Some have given us 50 years or so for things to last as we know them. What next, Planet of the Apes?? Back to stone age?? This short sighted world does not quite feel like home at all, i.e. days when I used to imagine how everything circled around compassion.

Coming to computer architecture, one the one hand you have David Patterson delivering a lecture in PARC forum on how it is going to be grand many core era and the inevitable slow death of things we hold near and dear, Pentium IV, AMD Opteron, Power4, Itanium, and not to miss the unscalable yester years' misguiding notions like Alpha EV8 or 21464, notions @ http://www.cs.washington.edu/research/smt/. On the other hand you have venture capitalists claiming that the investments in Silicon are pointless. They are looking to sponsor projects only in Web 2.0! Unfortunately the next big thing will be Web 2.0, it seems. This Web 2.0 is all hype, right. Most of the smart audio projects seem to be circling around ipods. As one who does not possess ipod, I find this rather pointless. Secondly all this cool apps like, google word/excel etc web apps do not hold water. And they are not like a technical marvel. There is DocBook and likewise XML driven apps. So a tree structure intermediate language i.e. XML is primarily the basis for everything? But thinking positively does it mean revival of great stuff like Latex, which people never really adapted in a broad scale? Does not make much of a difference to me, especially and to some others I know. I have used Latex for a while and it has been my tool of choice to write a technical document.

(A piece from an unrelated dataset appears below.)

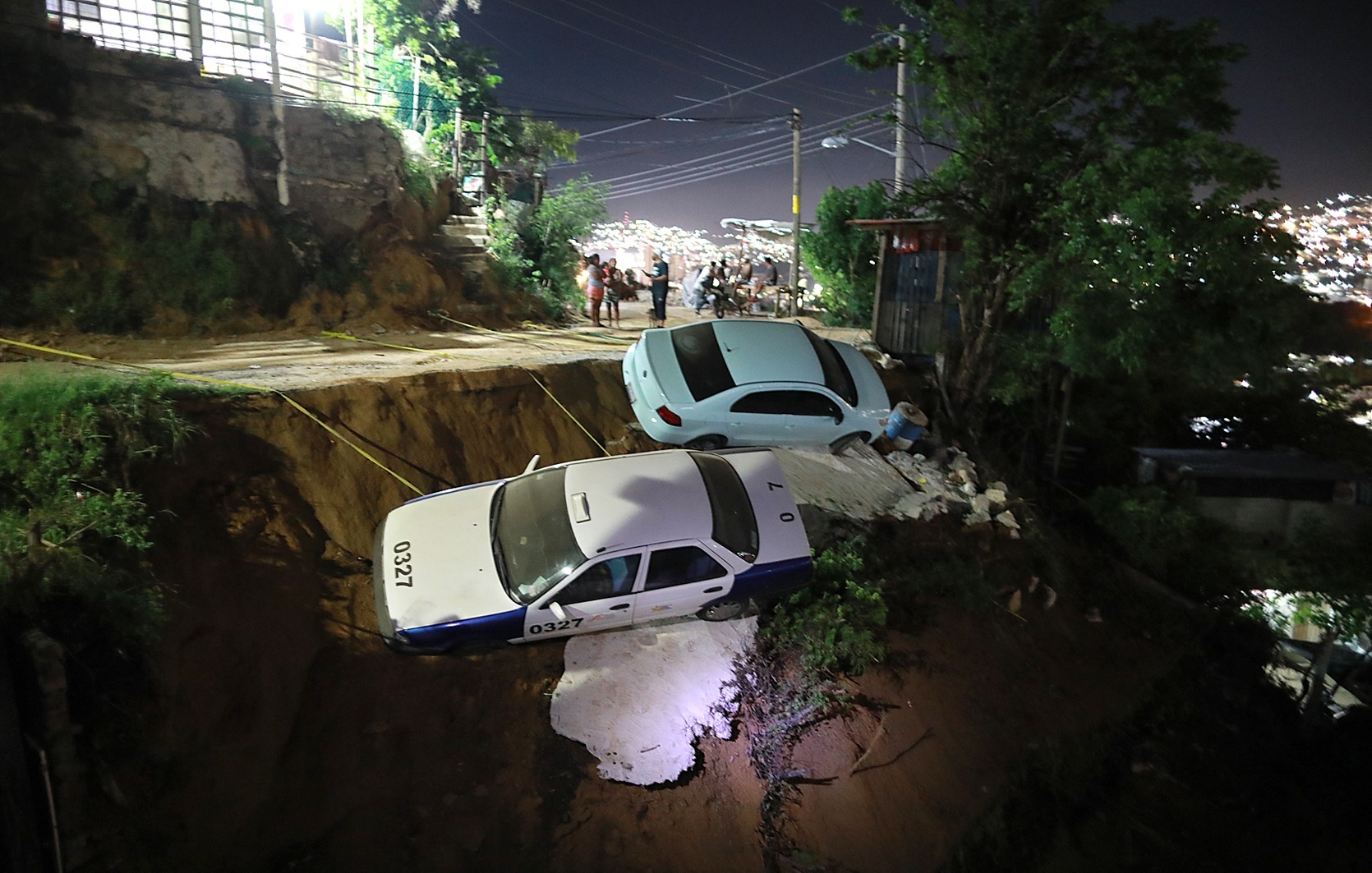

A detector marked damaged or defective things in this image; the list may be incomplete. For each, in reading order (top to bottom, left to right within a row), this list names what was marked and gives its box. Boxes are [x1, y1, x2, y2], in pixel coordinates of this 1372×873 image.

Of late I am taking interest in data flow exectution machines. I am working on the compiler for a processor which has no register files or a common store as we know them. i.e it does not have a notion of a stack for parameter passing. What the is the computation model you may ask. Values do not stay at a place for more than a clock tick or two. Generated data must be either consumed or passed around to be used later. Complications arise especially if you try to compile to this from an imperative language like C, which is what they (including me) are trying to do here over the years... but there is just so much to do.

I am exploring if Dr. Kesav Pingali's work: "Dependency flow graphs: An algebraic approach to Program Dependencies" apply here. More on it later!